It is tough to time the market. Instead, investors can reap better returns by identifying stocks with solid underlying businesses and investing in those stocks for long periods to harness the power of compounding. This strategy will also shield your investment from short-term fluctuations. So, here are four Canadian dividend stocks that you can buy and hold forever, given their recession-proof business models, stable financial positions, and healthy dividend yields.
First on my list is Fortis (TSX:FTS)(NYSE:FTS), which has delivered an average annualized total return of above 13% in the last 20 years, thanks to its diversified, low-risk utility businesses. It currently operates 10 regulated utility assets serving around 3.4 million customers and generating stable earnings and cash flows. Supported by its healthy cash flows, the company has raised its dividends for 47 consecutive years, with its forward dividend yield currently standing at 3.7%.
Meanwhile, Fortis’s management has planned to spend around $19.6 billion from 2021 to 2025, increasing its rate base at an annual growth rate of 6%. The expansion in rate base and favourable rate revisions could increase its earnings in the coming years, allowing the company to maintain its dividend hikes. Its financial position also looks healthy given its $4 billion unrealized credit facilities and $317 million cash and cash equivalents. So, I believe Fortis is an excellent long-term bet for income-seeking investors.
Scotiabank (TSX:BNS)(NYSE:BNS) has a long history of paying dividends. It has been paying dividends continuously since 1833. Over the last 45 years, the company has raised its dividends 43 times. Currently, the company pays quarterly dividends of $0.90 per share, representing a healthy forward dividend yield of 4.55%.
Meanwhile, the company’s financials could improve, given the recovery in demand, economic expansion, digital adoption, and improvement in operational efficiencies. Besides, Scotiabank has significant exposure to commodity-driven markets, which could witness substantial growth in the coming years. Further, the company’s non-interest income is rising, which is encouraging. So, given its strong track record, steady cash flows, and improving economic activities, I am bullish on Scotiabank.

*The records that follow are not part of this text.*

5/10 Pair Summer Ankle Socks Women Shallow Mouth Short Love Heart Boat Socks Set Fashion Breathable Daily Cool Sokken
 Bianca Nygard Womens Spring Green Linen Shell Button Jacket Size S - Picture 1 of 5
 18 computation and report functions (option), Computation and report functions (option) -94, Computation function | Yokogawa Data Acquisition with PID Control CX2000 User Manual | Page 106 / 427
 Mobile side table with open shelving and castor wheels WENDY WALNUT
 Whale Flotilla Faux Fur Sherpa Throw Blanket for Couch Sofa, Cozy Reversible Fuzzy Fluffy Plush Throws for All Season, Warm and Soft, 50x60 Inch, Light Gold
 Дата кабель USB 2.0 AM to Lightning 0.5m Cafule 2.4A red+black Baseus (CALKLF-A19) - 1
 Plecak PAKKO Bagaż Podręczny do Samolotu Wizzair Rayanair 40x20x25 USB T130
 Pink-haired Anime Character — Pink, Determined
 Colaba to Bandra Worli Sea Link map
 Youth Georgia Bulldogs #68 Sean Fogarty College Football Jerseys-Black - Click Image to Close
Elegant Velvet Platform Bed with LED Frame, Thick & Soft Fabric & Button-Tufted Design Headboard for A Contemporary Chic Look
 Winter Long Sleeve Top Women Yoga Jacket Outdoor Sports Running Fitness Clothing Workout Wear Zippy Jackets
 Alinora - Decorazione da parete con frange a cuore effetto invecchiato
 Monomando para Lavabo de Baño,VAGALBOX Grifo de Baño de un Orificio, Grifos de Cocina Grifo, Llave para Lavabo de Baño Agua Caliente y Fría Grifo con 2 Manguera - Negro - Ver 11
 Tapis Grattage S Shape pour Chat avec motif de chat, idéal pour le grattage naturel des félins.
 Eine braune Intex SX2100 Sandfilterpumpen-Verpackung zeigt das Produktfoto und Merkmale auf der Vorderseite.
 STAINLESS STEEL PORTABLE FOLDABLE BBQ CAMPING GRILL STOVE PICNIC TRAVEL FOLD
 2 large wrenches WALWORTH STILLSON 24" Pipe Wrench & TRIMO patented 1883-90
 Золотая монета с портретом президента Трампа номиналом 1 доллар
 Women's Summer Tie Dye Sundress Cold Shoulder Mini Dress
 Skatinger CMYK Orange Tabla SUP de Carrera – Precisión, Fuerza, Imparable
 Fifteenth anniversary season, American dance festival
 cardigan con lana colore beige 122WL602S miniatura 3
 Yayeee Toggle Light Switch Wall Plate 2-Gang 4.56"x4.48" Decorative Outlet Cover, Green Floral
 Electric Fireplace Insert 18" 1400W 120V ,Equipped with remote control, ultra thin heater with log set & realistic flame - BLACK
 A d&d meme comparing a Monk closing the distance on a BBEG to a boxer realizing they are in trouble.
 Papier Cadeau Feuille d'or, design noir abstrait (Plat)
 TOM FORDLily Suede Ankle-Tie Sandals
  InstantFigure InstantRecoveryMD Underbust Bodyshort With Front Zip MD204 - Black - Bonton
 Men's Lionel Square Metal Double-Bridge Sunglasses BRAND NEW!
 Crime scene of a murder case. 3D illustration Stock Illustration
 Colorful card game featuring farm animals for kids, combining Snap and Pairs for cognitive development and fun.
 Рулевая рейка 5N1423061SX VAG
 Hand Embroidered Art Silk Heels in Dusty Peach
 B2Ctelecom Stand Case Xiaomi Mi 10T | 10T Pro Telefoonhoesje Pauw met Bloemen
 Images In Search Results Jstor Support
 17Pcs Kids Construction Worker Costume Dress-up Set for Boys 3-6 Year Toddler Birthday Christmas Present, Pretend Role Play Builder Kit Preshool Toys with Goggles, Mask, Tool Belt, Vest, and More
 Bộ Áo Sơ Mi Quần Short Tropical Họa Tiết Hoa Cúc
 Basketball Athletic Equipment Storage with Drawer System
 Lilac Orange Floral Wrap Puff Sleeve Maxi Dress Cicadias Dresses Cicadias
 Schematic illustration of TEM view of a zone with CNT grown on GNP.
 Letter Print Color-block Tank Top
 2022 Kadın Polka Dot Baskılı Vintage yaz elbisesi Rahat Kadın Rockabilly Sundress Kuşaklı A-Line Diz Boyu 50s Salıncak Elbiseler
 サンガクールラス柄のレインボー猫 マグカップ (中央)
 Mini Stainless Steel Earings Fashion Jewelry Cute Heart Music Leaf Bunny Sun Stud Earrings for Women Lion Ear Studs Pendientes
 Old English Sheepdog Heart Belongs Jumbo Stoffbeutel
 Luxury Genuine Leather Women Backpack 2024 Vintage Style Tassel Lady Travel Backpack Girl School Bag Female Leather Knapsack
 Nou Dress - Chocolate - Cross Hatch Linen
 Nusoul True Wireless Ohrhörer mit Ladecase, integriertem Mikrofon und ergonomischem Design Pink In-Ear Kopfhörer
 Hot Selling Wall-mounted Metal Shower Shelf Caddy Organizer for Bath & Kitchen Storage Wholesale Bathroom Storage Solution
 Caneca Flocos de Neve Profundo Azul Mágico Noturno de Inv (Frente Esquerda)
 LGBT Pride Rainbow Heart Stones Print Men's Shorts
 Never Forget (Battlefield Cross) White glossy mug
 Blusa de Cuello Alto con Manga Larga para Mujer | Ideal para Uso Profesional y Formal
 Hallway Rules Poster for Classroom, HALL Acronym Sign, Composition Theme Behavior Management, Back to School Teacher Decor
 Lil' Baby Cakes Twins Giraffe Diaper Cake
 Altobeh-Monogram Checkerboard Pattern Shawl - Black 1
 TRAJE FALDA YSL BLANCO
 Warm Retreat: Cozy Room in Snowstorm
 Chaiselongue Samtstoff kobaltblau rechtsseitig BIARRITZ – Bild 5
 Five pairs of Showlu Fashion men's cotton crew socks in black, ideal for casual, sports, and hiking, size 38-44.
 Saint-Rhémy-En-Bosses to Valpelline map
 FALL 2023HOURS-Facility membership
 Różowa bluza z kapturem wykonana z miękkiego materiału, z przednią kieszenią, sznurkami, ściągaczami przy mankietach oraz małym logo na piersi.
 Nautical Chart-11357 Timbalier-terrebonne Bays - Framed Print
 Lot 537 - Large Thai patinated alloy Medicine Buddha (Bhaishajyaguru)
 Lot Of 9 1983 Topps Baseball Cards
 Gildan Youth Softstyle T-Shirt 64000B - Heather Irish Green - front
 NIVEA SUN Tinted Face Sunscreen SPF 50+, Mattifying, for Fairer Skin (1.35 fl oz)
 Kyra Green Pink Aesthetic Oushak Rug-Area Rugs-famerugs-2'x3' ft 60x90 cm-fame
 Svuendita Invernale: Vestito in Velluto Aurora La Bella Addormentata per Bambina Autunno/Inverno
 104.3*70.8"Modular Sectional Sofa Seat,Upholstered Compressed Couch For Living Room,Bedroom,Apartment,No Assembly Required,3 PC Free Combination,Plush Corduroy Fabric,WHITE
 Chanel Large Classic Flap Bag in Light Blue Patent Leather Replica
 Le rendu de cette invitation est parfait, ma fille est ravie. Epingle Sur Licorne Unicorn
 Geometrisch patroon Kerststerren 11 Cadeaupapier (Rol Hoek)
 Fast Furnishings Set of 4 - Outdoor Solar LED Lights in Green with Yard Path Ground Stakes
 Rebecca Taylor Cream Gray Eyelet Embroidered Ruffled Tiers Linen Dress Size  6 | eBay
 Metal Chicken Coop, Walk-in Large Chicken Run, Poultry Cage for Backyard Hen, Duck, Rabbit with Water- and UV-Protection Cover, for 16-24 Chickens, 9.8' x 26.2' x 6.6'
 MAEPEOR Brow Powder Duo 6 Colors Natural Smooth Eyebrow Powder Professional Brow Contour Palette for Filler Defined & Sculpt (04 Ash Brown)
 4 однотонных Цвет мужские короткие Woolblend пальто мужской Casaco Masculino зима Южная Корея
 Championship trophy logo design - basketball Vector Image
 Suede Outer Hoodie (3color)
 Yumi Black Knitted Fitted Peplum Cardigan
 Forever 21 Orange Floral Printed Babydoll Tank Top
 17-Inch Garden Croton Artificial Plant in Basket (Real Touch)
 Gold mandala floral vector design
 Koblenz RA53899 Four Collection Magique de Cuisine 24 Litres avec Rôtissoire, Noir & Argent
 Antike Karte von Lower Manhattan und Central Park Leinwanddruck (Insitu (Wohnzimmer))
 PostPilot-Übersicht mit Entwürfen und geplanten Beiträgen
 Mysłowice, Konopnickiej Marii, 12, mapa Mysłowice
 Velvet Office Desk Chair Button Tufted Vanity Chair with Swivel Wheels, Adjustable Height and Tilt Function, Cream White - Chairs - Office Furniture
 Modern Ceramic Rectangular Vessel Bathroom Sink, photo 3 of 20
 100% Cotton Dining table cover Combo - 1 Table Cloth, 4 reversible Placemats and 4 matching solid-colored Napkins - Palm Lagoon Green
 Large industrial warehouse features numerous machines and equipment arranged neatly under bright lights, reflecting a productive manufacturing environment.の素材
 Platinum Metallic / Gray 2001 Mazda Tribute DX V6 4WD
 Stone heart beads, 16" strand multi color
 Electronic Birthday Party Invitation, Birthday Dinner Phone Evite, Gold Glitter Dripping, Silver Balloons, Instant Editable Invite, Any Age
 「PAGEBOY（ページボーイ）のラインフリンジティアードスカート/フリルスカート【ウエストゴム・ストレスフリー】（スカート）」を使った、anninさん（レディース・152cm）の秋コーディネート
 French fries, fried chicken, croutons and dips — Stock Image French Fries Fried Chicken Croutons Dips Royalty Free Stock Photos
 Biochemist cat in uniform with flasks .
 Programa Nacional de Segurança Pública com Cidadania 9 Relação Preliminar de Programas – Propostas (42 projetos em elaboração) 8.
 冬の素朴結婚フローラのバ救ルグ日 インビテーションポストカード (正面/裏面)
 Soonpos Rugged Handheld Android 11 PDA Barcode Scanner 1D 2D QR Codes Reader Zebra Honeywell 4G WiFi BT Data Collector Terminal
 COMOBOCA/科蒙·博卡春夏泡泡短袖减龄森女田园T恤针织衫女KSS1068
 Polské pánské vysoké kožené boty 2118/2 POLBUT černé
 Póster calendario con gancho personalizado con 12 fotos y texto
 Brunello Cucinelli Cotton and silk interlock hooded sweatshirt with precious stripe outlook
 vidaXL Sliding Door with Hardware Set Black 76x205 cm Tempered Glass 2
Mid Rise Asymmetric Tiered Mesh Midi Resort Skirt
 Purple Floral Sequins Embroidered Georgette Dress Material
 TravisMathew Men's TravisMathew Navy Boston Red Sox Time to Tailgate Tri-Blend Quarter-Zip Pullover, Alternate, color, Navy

Like Fortis and Scotiabank, Enbridge (TSX:ENB)(NYSE:ENB) has an excellent track record of rewarding its shareholders with dividends and dividend hikes. It has paid dividends uninterrupted for the last 66 years while raising the same for the 26 straight years at a CAGR of 10%. The company’s management has announced dividends of $3.34 per share for this year, representing a forward dividend yield of 7.2%.
Enbridge operates 40 diverse assets while generating around 98% of its adjusted EBITDA from regulated assets or long-term contracts, delivering stability to its earnings and cash flows. Further, the recovery in energy demand could boost its asset utilization rate. Along with these factors, its investment of $17 billion in secured growth projects over the next two years could drive its financials. So, Enbridge is well positioned to continue its dividend hikes in the coming years.
Telus (TSX:T)(NYSE:TU) is the second-largest telecommunication player in Canada. Continuing its multi-year dividend growth, the company had increased its quarterly dividends by 8.6% to $0.3162 per share earlier this month. Its forward dividend yield currently stands at a healthy 4.72%. Given its healthy growth prospects, steady cash flows, and strong liquidity position, I believe the company is well equipped to boost its dividends in the coming years.
Amid the digitization and rise in remote working and learnings, the demand for Telus’s services could rise. Meanwhile, the company has planned to invest $3.5 billion this year to expand its 5G and broadband coverage. Further, the expansion of its high-growth verticals, such as TELUS International, TELUS Health, and TELUS Agriculture, could also boost its financials in the coming quarters.